··· Material shown ···

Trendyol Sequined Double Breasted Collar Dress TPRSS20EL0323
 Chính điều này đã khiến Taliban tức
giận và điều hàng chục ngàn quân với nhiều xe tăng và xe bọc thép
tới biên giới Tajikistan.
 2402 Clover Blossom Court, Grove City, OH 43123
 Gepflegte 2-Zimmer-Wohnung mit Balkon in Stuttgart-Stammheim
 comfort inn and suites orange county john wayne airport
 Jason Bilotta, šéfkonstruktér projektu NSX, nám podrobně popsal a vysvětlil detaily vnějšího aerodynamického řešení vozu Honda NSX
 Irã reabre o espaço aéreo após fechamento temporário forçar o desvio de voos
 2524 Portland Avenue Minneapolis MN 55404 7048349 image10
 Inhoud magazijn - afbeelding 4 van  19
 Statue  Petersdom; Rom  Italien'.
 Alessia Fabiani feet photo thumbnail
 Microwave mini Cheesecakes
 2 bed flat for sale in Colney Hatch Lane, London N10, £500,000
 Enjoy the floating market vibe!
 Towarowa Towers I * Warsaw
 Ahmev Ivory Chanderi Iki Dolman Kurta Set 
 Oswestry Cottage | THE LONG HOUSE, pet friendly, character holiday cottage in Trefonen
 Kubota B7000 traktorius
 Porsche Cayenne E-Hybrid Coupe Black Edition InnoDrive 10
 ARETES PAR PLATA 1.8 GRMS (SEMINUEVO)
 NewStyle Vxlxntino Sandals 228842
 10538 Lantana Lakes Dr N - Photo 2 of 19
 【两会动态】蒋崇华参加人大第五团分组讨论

···

What you need to do
With the line that contains "ARETES PAR PLATA 1.8 GRMS (SEMINUEVO)" as the start, output every line through the end of the entries exactly. Add no other lines.

Expected output
 ARETES PAR PLATA 1.8 GRMS (SEMINUEVO)
 NewStyle Vxlxntino Sandals 228842
 10538 Lantana Lakes Dr N - Photo 2 of 19
 【两会动态】蒋崇华参加人大第五团分组讨论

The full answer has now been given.